Are lots of local yoga studios, musicians and artists participating, too?

Sacramento's bringing its own authenticity to it. The “community and the connection” pillar means supporting this community by trying to bring in teachers and artists and musicians from locally first. We have people from all over the festival circuit, but we're trying to bring people from Sacramento and Davis, Placerville and Grass Valley together, so people can actually go connect with a local teacher they can go take a class with, rather than a rock-star teacher from Los Angeles. So basically trying to integrate because a lot of the momentum for me came from seeing all these compartmentalized little communities, and being like, “These people need to come together.” They're all working with movement and creative expression and health and there's so much overlap here, but it's easy to be stuck in these little communities.

What kind of crowd do you expect to draw? Burners, people into yoga, music fans?

From the core internally, what I had good reach into was the yoga and wellness community. And then we're bringing in artists and musicians that people might come to the event from out of town to see. Ideally, people are having new experiences. They just get to do different dance classes, workshops, yoga—things that they haven't been exposed to. Integration is a big push, like giving people first-time, liberating, creative experiences. We have a community mural that you can walk up to and paint on at any point—things people are reluctant about, have self-doubt about, getting people to just throw that out and be uninhibited.
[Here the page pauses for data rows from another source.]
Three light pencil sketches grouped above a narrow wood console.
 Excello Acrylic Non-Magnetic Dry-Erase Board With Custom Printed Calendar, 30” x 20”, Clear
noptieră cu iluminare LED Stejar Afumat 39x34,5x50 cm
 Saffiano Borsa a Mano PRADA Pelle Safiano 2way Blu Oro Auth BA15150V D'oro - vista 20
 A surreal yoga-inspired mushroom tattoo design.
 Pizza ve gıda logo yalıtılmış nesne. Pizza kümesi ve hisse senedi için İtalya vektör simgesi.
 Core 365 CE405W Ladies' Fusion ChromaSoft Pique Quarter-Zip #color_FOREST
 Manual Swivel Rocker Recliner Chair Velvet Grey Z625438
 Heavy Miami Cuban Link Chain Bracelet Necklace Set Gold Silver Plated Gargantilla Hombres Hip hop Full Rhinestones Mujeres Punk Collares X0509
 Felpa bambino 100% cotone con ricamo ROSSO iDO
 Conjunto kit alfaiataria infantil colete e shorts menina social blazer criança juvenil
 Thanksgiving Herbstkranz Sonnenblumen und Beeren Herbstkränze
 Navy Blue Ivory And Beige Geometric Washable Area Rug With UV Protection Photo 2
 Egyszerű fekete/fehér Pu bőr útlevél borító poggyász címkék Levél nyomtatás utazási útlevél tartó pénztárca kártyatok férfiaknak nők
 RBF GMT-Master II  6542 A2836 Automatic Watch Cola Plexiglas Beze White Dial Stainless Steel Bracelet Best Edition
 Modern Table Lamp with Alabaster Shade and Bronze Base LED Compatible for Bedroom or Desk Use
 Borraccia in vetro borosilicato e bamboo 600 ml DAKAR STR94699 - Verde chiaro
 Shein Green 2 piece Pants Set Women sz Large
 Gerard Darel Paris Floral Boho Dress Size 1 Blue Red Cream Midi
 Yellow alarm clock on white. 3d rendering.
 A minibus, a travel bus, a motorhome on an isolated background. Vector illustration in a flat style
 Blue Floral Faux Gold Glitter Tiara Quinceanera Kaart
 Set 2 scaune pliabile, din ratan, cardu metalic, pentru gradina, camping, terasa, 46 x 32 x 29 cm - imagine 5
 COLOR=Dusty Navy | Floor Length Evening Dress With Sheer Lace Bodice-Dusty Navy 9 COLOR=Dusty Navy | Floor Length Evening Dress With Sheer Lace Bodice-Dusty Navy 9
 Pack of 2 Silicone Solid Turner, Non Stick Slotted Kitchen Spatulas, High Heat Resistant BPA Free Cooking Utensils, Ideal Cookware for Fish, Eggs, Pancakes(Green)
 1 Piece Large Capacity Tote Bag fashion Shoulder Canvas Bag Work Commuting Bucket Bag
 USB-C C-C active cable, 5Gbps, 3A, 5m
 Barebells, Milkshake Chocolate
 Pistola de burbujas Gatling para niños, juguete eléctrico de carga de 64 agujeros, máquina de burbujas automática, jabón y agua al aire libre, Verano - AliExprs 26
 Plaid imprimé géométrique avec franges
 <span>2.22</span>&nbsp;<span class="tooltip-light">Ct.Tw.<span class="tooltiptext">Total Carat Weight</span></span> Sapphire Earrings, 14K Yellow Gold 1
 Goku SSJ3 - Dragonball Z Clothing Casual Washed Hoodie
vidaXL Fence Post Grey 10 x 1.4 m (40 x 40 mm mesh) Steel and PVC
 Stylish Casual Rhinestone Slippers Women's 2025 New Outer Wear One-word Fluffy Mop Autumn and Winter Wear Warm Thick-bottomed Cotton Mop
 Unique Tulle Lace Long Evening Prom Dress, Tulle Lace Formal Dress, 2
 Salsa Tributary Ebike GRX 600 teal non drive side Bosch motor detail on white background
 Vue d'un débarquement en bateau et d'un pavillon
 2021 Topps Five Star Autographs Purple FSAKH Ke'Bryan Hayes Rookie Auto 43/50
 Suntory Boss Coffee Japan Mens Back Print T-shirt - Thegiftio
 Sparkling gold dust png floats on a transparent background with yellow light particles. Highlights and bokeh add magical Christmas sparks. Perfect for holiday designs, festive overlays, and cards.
So, there’s a lot of interactive stuff?

That's something that regular festival attendees understand; that's the culture being created right now. Like some of these events—Coachella or Bonnaroo or Electric Daisy Carnival—they're events where you go pay a premium price and you are entertained, you witness. Versus something like Burning Man which is very participant-driven, and that's the culture that's been brought into these transformational gatherings. Bring your “you-ness.” We want you to be yourself, and some of that is we have people painting themselves up like mimes and doing circus performances—not on a stage, but just as they walk around and interact with people because they want to, you know?